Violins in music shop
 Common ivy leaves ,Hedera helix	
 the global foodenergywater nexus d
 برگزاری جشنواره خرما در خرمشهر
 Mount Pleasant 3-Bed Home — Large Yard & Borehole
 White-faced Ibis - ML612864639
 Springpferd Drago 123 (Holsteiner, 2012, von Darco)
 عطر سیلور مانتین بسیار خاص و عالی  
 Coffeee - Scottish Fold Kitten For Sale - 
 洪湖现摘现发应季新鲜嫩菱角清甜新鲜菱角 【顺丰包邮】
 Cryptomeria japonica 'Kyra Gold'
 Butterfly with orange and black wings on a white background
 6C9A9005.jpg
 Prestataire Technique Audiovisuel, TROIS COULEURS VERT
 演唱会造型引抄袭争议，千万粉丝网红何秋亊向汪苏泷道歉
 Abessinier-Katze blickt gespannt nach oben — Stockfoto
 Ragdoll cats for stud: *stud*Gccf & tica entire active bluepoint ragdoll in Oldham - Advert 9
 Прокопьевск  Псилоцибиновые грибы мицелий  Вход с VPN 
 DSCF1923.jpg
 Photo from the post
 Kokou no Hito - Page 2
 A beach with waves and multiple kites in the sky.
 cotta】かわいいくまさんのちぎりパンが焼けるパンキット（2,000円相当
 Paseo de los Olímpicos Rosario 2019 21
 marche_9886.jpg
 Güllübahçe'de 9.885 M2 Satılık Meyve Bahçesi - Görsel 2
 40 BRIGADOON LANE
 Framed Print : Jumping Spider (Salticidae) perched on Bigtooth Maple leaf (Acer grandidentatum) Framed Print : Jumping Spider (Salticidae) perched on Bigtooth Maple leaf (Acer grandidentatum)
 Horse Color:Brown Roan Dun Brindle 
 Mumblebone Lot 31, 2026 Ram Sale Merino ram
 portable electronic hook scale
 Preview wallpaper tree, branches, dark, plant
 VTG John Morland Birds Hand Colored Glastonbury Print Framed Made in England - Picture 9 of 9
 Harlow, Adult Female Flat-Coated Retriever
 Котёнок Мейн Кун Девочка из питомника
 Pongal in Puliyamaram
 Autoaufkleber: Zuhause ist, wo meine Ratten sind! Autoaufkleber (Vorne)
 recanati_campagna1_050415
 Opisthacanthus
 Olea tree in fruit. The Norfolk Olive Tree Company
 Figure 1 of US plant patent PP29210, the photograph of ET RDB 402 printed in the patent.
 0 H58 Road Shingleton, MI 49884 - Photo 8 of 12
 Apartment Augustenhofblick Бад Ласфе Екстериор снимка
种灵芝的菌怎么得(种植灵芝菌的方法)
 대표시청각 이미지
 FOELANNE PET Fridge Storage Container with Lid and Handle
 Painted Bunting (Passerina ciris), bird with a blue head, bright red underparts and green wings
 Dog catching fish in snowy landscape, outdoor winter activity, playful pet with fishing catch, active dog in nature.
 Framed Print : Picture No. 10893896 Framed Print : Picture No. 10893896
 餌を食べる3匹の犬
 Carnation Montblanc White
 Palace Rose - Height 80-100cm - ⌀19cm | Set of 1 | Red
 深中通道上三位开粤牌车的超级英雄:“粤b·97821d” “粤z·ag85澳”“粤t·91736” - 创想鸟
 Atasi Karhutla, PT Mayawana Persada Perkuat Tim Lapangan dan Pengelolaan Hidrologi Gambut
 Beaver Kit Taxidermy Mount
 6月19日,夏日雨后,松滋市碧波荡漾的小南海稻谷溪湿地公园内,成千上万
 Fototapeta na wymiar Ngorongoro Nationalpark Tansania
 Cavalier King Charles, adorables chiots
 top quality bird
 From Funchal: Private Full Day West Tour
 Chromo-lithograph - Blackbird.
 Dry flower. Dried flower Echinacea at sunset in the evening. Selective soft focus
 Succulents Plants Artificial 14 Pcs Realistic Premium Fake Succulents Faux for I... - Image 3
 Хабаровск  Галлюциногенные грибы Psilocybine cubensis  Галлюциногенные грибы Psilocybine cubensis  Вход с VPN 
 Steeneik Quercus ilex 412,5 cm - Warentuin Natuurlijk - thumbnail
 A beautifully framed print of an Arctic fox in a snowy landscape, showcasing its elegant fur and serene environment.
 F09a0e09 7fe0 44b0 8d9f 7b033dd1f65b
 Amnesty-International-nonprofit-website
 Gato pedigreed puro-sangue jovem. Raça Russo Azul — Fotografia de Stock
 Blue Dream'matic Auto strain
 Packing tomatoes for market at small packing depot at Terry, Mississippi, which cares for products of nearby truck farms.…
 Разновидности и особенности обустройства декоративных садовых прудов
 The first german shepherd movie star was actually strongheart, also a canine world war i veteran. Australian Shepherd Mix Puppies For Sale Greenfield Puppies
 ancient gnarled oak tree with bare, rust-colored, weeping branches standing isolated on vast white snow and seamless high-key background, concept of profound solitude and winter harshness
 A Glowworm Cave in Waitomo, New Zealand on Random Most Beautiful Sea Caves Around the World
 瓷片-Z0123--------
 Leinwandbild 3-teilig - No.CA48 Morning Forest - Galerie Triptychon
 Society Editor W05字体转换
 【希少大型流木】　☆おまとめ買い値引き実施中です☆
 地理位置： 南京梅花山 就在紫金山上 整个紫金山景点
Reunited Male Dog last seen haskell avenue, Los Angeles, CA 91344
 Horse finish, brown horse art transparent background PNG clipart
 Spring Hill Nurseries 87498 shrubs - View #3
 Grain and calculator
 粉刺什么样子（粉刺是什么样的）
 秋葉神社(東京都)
◇ ◇ ◇ ◇ ◇
[WHAT YOU ARE ASKED TO DO] Return exactly the opening lines of the listing above, ending with the line that has "Kokou no Hito - Page 2".

[WRITTEN REPLY]
Violins in music shop
 Common ivy leaves ,Hedera helix	
 the global foodenergywater nexus d
 برگزاری جشنواره خرما در خرمشهر
 Mount Pleasant 3-Bed Home — Large Yard & Borehole
 White-faced Ibis - ML612864639
 Springpferd Drago 123 (Holsteiner, 2012, von Darco)
 عطر سیلور مانتین بسیار خاص و عالی  
 Coffeee - Scottish Fold Kitten For Sale - 
 洪湖现摘现发应季新鲜嫩菱角清甜新鲜菱角 【顺丰包邮】
 Cryptomeria japonica 'Kyra Gold'
 Butterfly with orange and black wings on a white background
 6C9A9005.jpg
 Prestataire Technique Audiovisuel, TROIS COULEURS VERT
 演唱会造型引抄袭争议，千万粉丝网红何秋亊向汪苏泷道歉
 Abessinier-Katze blickt gespannt nach oben — Stockfoto
 Ragdoll cats for stud: *stud*Gccf & tica entire active bluepoint ragdoll in Oldham - Advert 9
 Прокопьевск  Псилоцибиновые грибы мицелий  Вход с VPN 
 DSCF1923.jpg
 Photo from the post
 Kokou no Hito - Page 2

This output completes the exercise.